If you think the new Walmart opening down the street could spell the end of your small business, you may be pleasantly surprised by what unfolds, new research suggests.
Small businesses located near larger competitors may see their sales increase as a result of their location, as some consumers gain pleasure at trying to "punish" larger, more dominant brands for having too much power by doing businesses with the smaller guy, according to a study set to be published in an upcoming issue of the American Marketing Association's Journal of Marketing Research.
The study cites the owner of Coffee Bean & Tea Leaf in Los Angeles as an example. When the owner could not stop Starbucks from moving next door, he at first admitted defeat.
"However, soon after, he was surprised to see his sales shoot up, so much so that he began to proactively locate new stores next to Starbucks," the study's authors wrote.

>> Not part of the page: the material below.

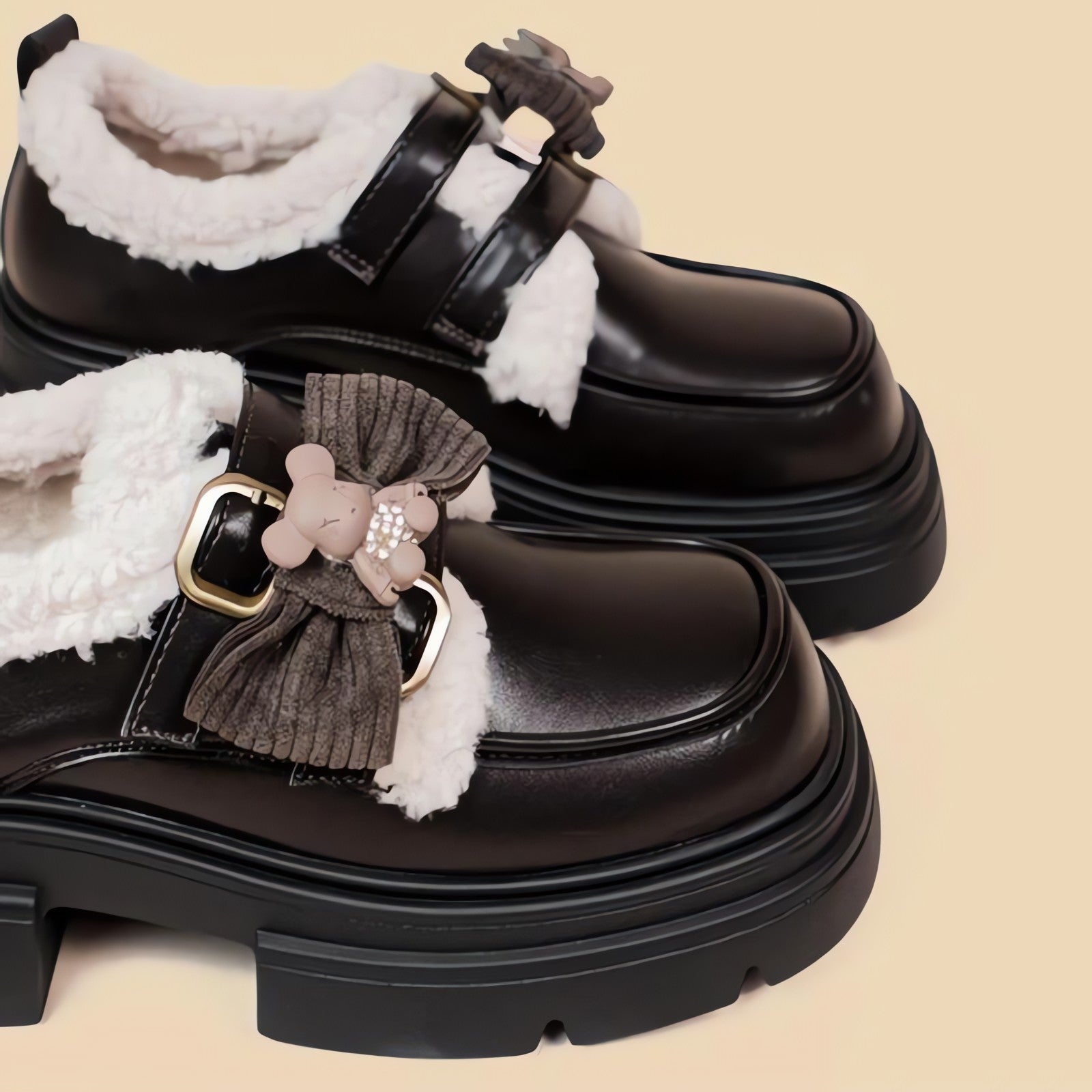 Kawaii Teddy Bear Platform Oxford Shoes - KAYSMAR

As part of the study, researchers examined the buying habits of people shopping for books in a small, locally owned bookstore. Some shoppers were told that the bookstore's only competitors were other small bookstores, while a separate group was told that the bookstore's primary competition was a nearby national chain that threatened to put the locally owned shop out of business. [Big Box Retailers Won't Kill Small Business Holiday Profits ]

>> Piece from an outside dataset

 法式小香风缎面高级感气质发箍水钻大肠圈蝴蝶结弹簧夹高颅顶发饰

The researchers discovered that customers who were told of the nearby national chain were more likely to make purchases at the smaller locally owned store.

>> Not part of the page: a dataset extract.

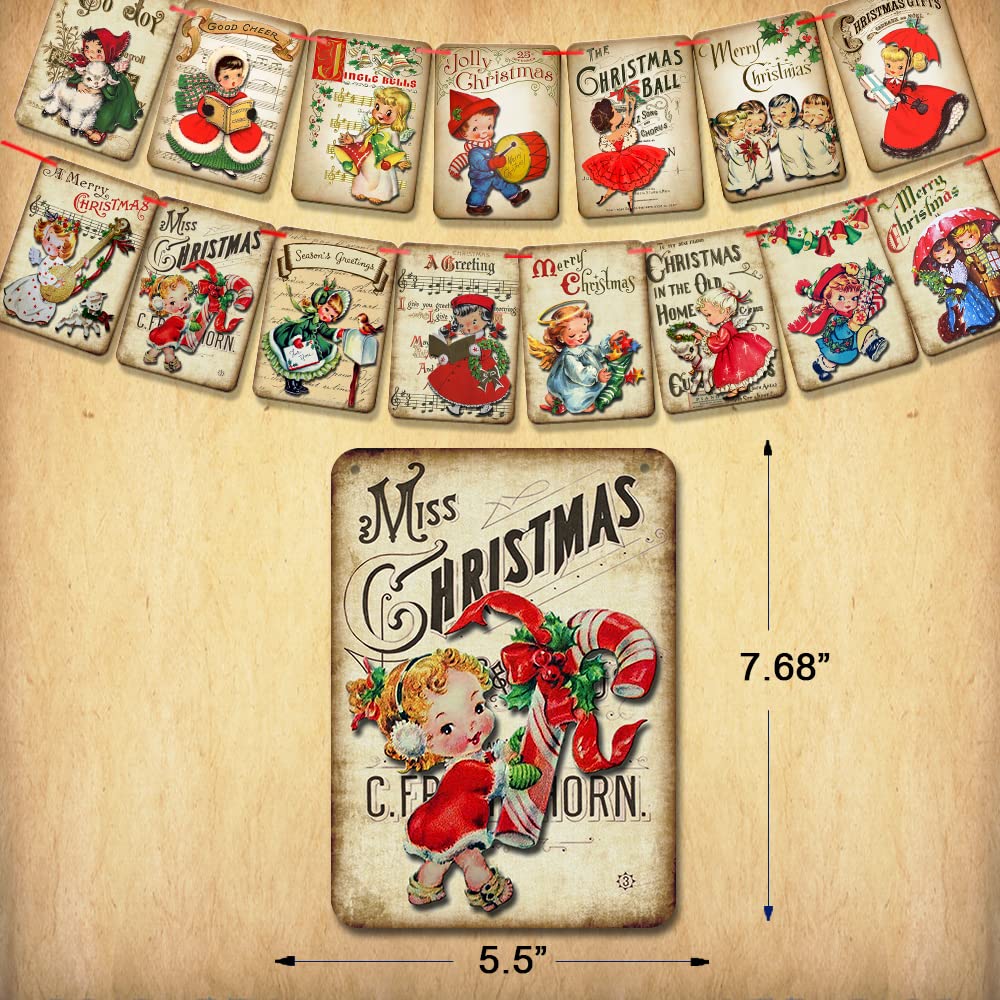 Dalaber 'Be Merry' Weihnachts-Banner Mit Schneeflocken - Wimpelkette Für Party, Kamin, Foto-Booth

In another experiment, participants were told to imagine they were in the mood for a cup of coffee. They were then told that they had the option of going to Starbucks or an independent coffee shop called Joe's Java. One group was told that Joe's Java and Starbucks were the same distance away, but in different neighborhoods, while the second group was told that Joe's Java was right next door to the Starbucks.
The researchers found that the group that believed Joe's Java was located in the shadow of Starbucks was more likely to go there.
The study's authors said the results indicate that rather than shying away from mentioning the competition, small businesses would be better served to highlight the battle between small and large competitors.
"For the framing-the-game effects outlined here to work to the advantage of small firms, competitive narratives should highlight the battle between small and large competitors, and this narrative must be made salient to consumers at the time of purchase," the study's authors wrote. "Our results serve as a reminder that less costly alternatives exist for small companies facing competition from large brands, compared with other strategies such as price discounting, increasing product variety and quality, offering high-touch customer service, and serving a more specialized niche segment."
The study was authored by Georgetown University assistant professor Neeru Paharia, Harvard University senior lecturer Jill Avery and Harvard associate professor Anat Keinan.